"Either we will have an awakening, or we will have a wake."
-- Swami Beyondananda
Every year on this date, the "impropaganda" machine reminds Americans why we've been enlisted in an "endless war". This year for the first time, I sense that a critical mass of the heretofore-uncritical masses, aren't buying it. The sleeping giant called "we the people" has begun to awaken.
The events of September 11, 2001 sent a shock wave of pain through our body politic, and in that most vulnerable state we acquiesced to a de facto Orwellian police state. The name "Patriot Act" reeks of newspeak and double-think, and now finally enough of us have come to realize that it is indeed a patriot "act" -- what our friend Caroline Casey would call a "toxic mimic" of the real thing.

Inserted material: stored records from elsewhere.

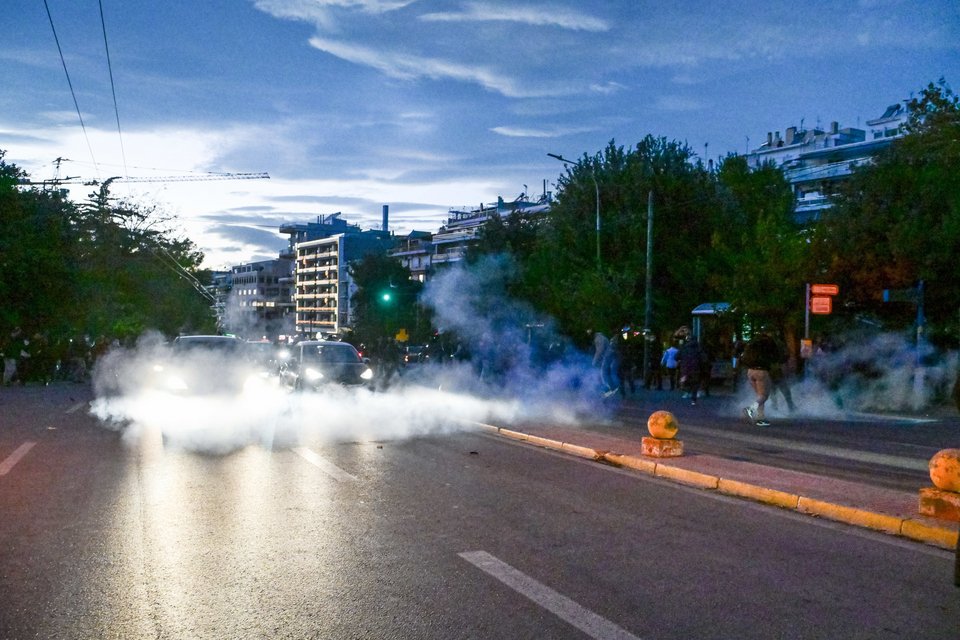 Ένταση και μικροεπεισόδια μετά την απόφαση προφυλάκισης του Νίκου Ρωμανού / Φωτογραφία: Eurokinissi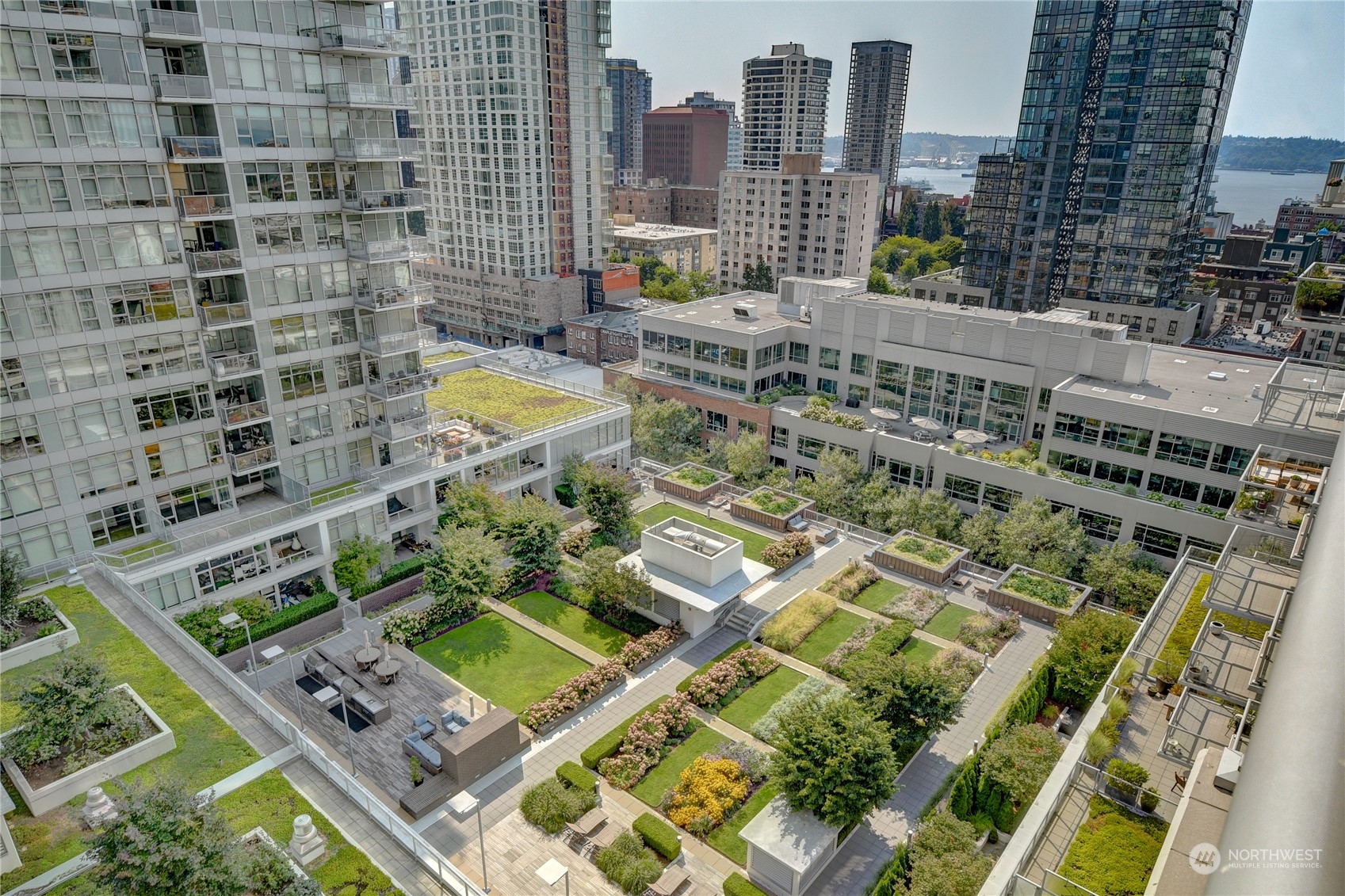 583 Battery Street, Unit 1601N Seattle, WA 98121 - Photo 4 of 27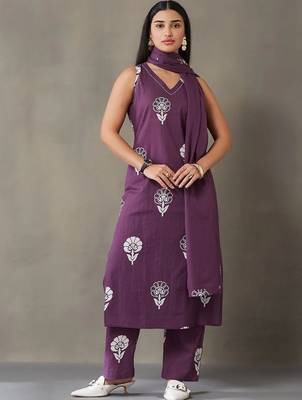 Wine Women Floral Printed Regular Pure Cotton Kurta with Trousers & With Dupatta 6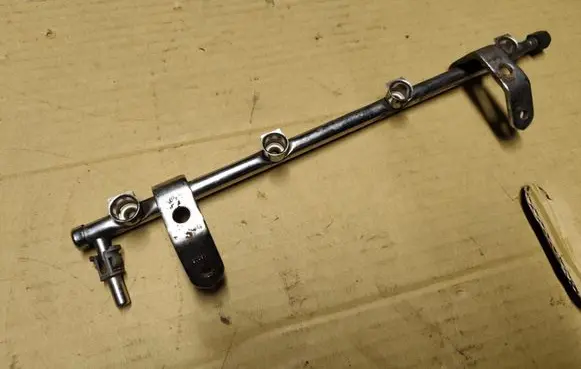 Chrysler PT Cruiser Fuel main line pipe 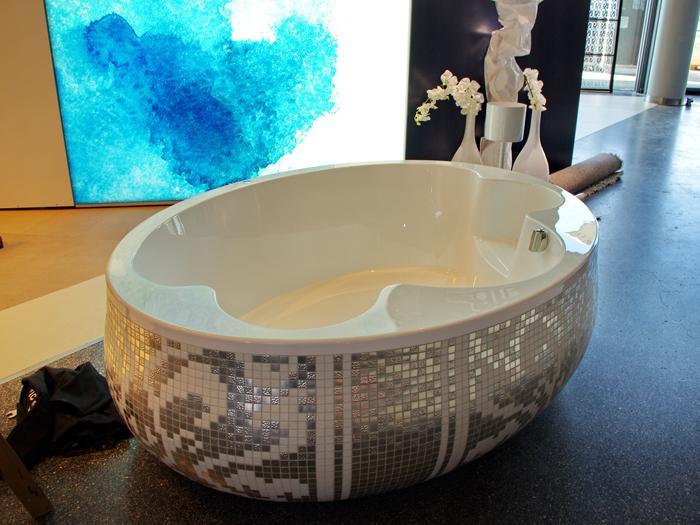 Ish 2015 : l'innovation en sanitaire, un art difficile Baignoires inspiration Japonaise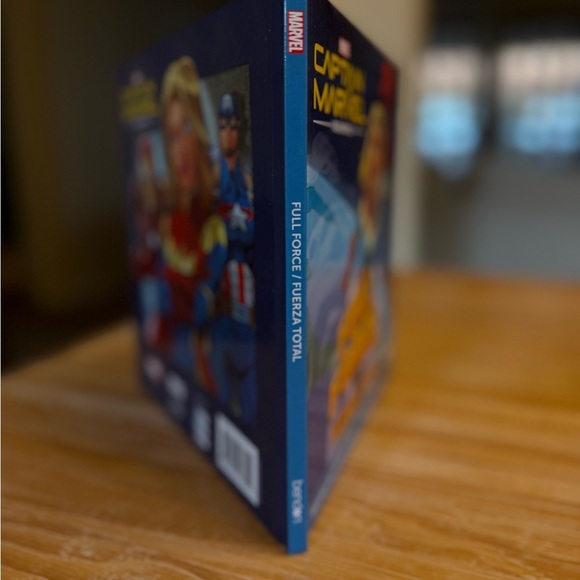 Marvel Captain Marvel Full Force Book - Blue and Red - Picture 2 of 4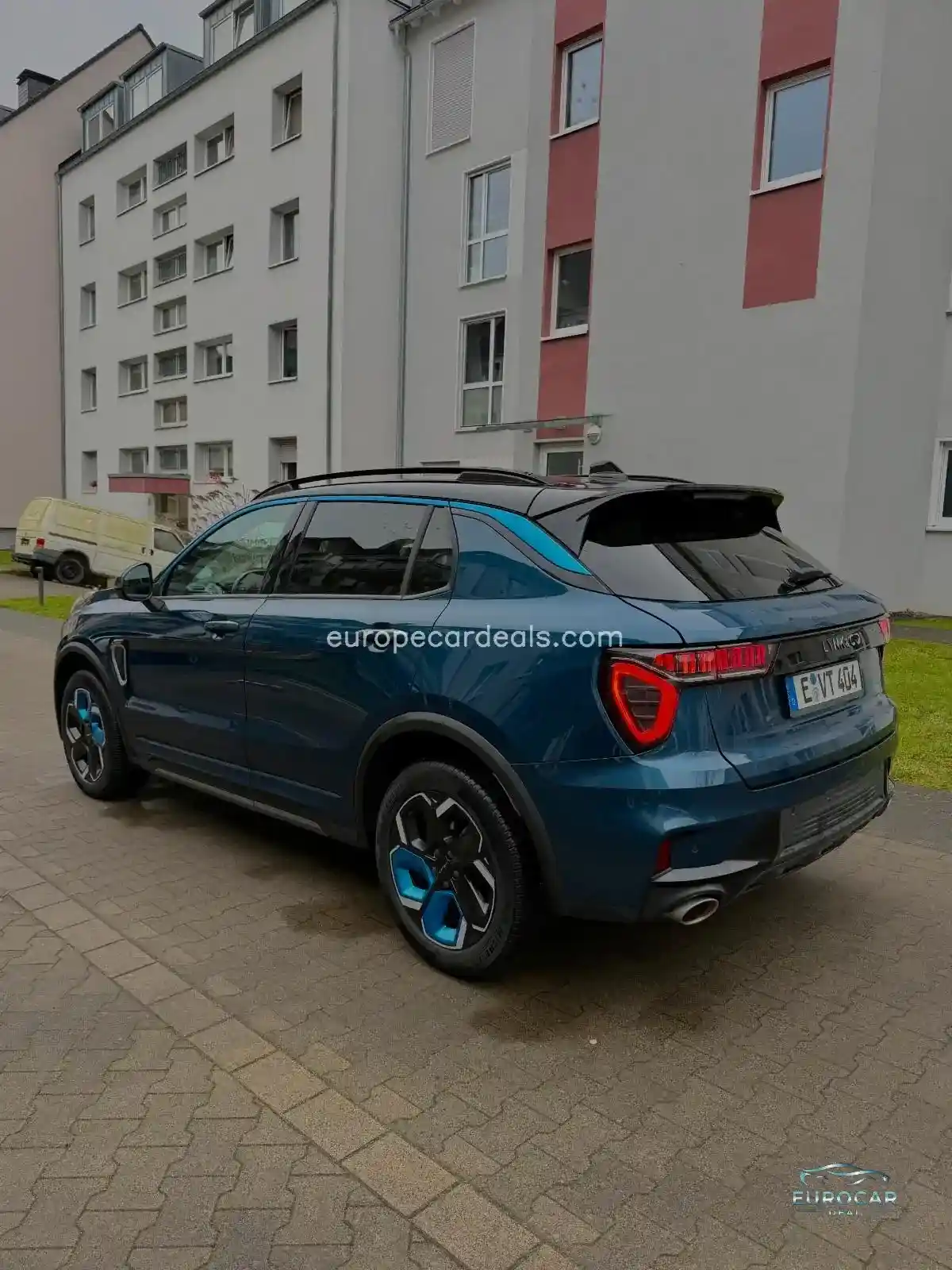 Lynk&Co 01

Grace works in mysterious ways.
This year has seen the revelations about NSA spying, and one example after another of an unchecked and unbalanced corporate state riding roughshod over the will and interests of the people. Disillusioned progressives watched as Obama has supported corporate rights to profit at any cost, over public welfare. The banks are in charge of our economy. Monsanto is in charge of agriculture. And after some rhetorical fancy dancing, it's likely that Obama will give the Democratic Party's stamp of approval to fracking too, putting gas and oil firmly in charge of energy policy.

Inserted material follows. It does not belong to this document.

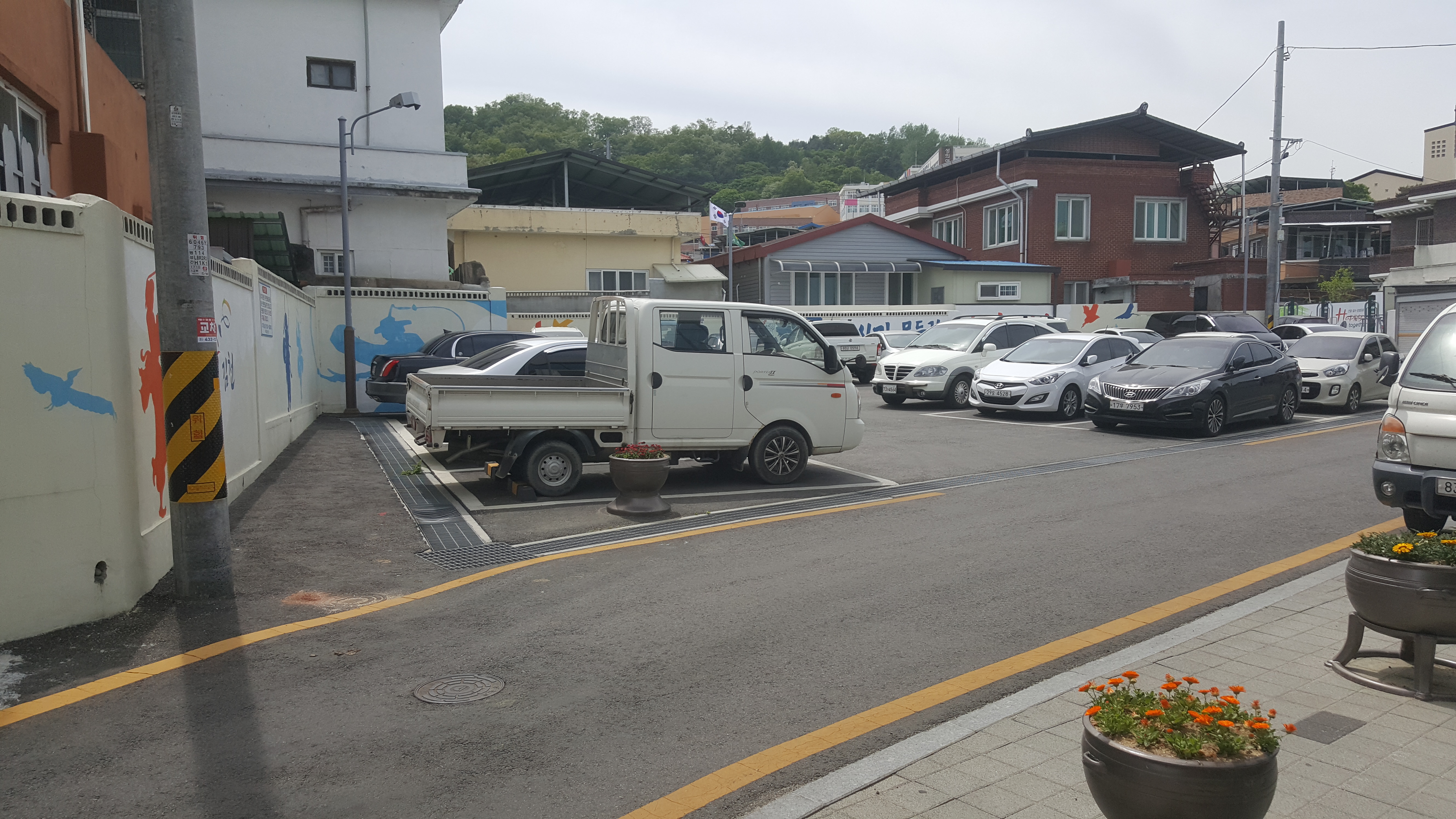 평화남산동행정복지센터 본관앞,옆 주차장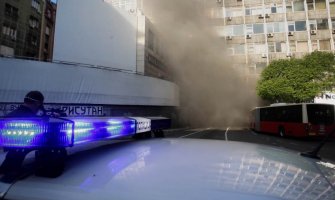 Beograd: Zapalio se autobus u tunelu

Last November, I wrote that re-electing Obama would move the upwising forward, and boy was I right. As Swami jokingly yet seriously put it, "I'd rather have positive change in small increments than negative change in large excrements."
Obama's election, and his continued loyal service to the corporate state, has forced both progressives and conservatives to reexamine their ideology and confront their programming. Conservatives, who had long been counted on to patriotically support any military effort, are in cognitive dissonance because they don't trust the commander-in-chief or the federal government.

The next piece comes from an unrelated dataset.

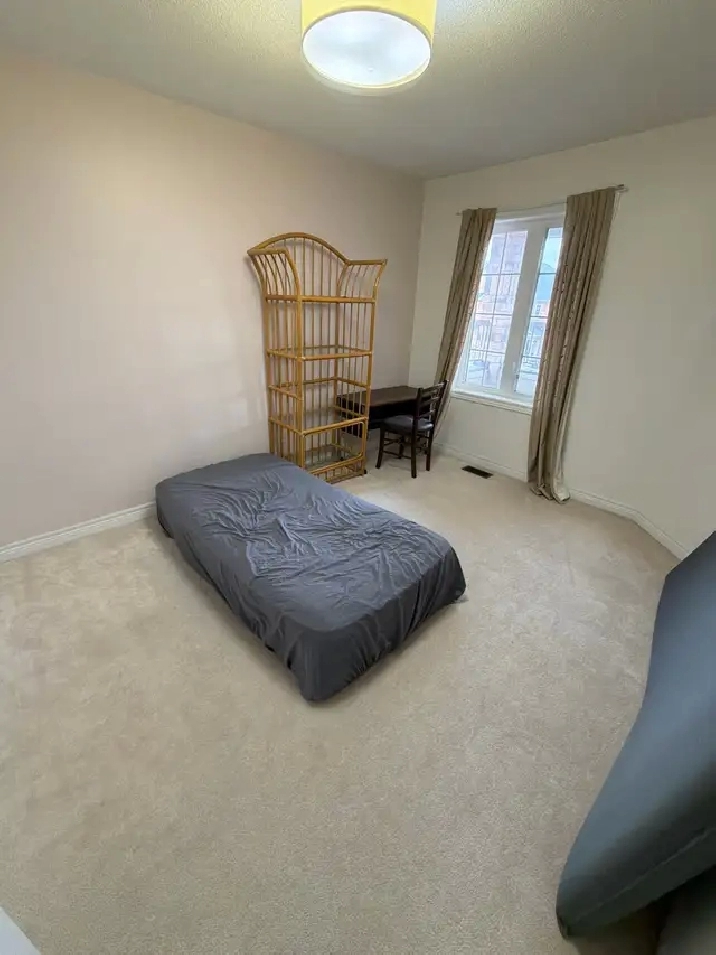 private room for a girl in brampton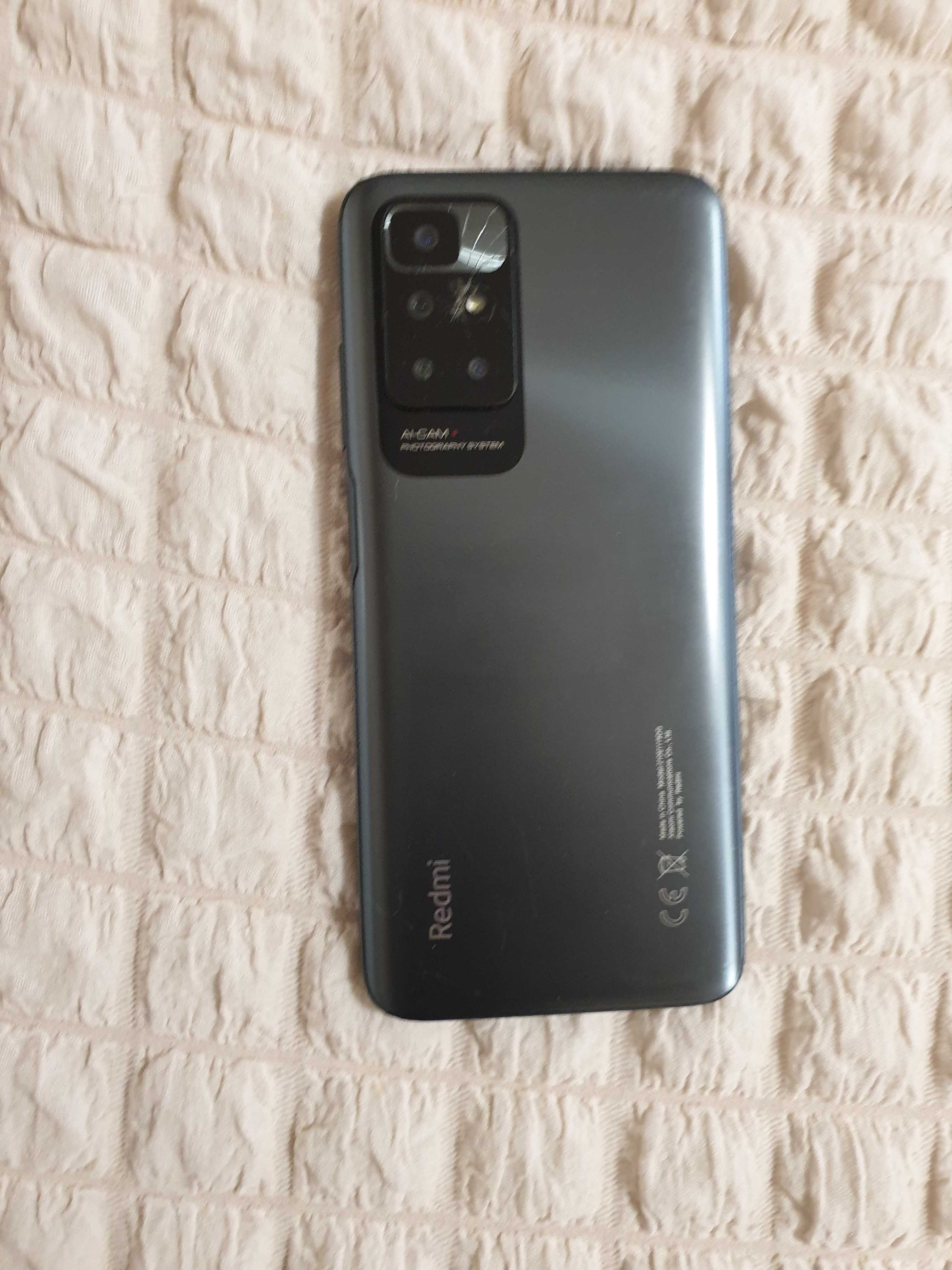 Продавам смартфон Xiaomi Redmi 10 в много е добро състояние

And in spite of Ron Paul being marginalized by the corporate Republican power structure, his ideas have reverberated throughout the Republican mainstream. Awakening conservatives are asking, "Who exactly is our military protecting, and why?" They are rightly alarmed at the nationalization of local police forces, and they are as concerned about wars of empire, GMO foods and America becoming an incarceration state as progressives are.
An emerging new alignment was vividly illustrated by the recent vote on defunding the NSA's collecting of phone records. A coalition of progressive Democrats and libertarian conservatives came within seven votes of passing that resolution in the House.
The same thing happened with the plan to bomb Syria, only this time the overwhelming opposition from people across the political spectrum has forced President Obama and Secretary of State Kerry to head straight for the only diplomatic port in the storm. If good fortune is with us, we will be able to "save face" without losing our ass.
The Little Boy Who Cried Wolfowitz
For the first time since September 11, 2001 the energy in the body politic seems to have shifted from emergency to emerging and seeing. The Irony Curtain is becoming transparent indeed, and it may not be long before an awakening body politic has a Lone Ranger and Tonto moment. You've probably heard the story about the Lone Ranger and Tonto being caught in an ambush. "Well, Tonto," says the Masked Man, "we're surrounded by Indians. Looks like we're done for."
And Tonto says, "What you mean WE, kemosabe?"
In fact, that moment may be here now. As the neocons and neo-libs have beat the drums to bomb Syria, Americans have been saying en masse, "What you mean WE?"
The bipartisan coalition of "cons" have cried Wolfowitz one time too many, and we are no longer sheepishly following or swallowing. And with this awakening, let's part the curtains on a truly jaw-dropping statistic. For twenty points and a chance to compete in the enlightening round, what percentage of Americans believe Congress deserves our trust and confidence?